Governor Palin’s forté clearly is on energy matters and she has demonstrated her expertise on this subject time and time again. Both her testimony before Secretary Salazar and her handling of the Exxon-Mobil matter a few months ago clearly reflect this expertise. Governor Palin is one of the few who understand the complex inter-relationship between domestic energy production, prices of fuels and electricity, national security, and environmental responsibility. Had her administration not enforced these contracts, there would likely be no mobilization to drill new wells. Achieving results is the mark of a seasoned executive.
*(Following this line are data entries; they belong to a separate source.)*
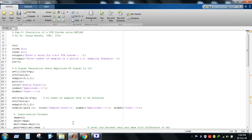Coming back to the code, we want to simulate a PCM system. As we know, a PCM system has three main parts: first, the sampling portion; second, the quantization; and third, the binary encoding. Initially we need to discretize the corresponding continuous analog signal, then quantize it.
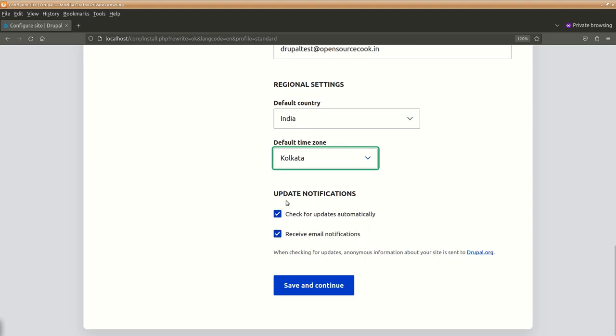Check for updates automatically, receive email notifications, these are useful when you are actually installing Drupal as a virtual system on a proper website so you will get updates whenever there is a security update or new release or other things, quite helpful.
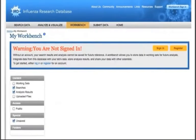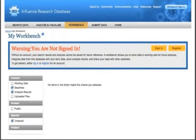Click the Workbench tab to access your workbench. You'll be prompted to log in if you haven't done so already.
While the Governor’s testimony transcript was paraphrased and direct-quoted in portions, the entire document is a worthwhile read and is an interesting case study on speech patterns — an aspect of Governor Palin that is frequently severely, but unjustly criticized.
This transcript clearly demonstrates Governor Palin’s ability to build a case on complex subject matter, and present it succinctly in easily understood language. All her speeches are in this format. The Governor uses the same APA citation and reference model this author uses. Perusing this document as a speech shows that her skills in this area are considerable and not given their proper due. She did not require the services of a teleprompter. Governor Palin knew the content cold. She did her testimony the old fashioned way — flicking her eyes down to read the copy, then speaking the words looking ahead to Secretary Salazar, who she was addressing. These are crystal clear indications of a subject matter expert discussing something with which she is very comfortable.
Governor lauds mobilization at Point Thomson. (2009, April 13). State of Alaska, Governor. Retrieved April 15, 2009 from: http://www.gov.state.ak.us/news.php?id=1746
Governor Palin testifies on outer continental shelf. State of Alaska, Governor. Retrieved April 15, 2009 from: http://www.gov.state.ak.us/news.php?id=1749
Palin, S.L.H. (2009, April 14). Testimony transcript on development of Alaska’s Outer Continental Shelf – Delivered during Secretary Salazar’s April 14, 2009 visit to Alaska. State of Alaska, Governor. Retrieved April 15, 2009 from: http://www.gov.state.ak.us/pdf/GovPalinRemarks-SectSalazar_Apr14-2009.pdf
Ross, M. (2009, February 19). ExxonMobil announces plan to put Alaska’s Point Thomson Field on production. ExxonMobil.. Retrieved April 15, 2009 from: http://www.businesswire.com/portal/site/exxonmobil/index.jsp?ndmViewId=news_view&ndmConfigId=1001106&newsId=20080219006751&newsLang=en
Updated to repair two grammatical errors.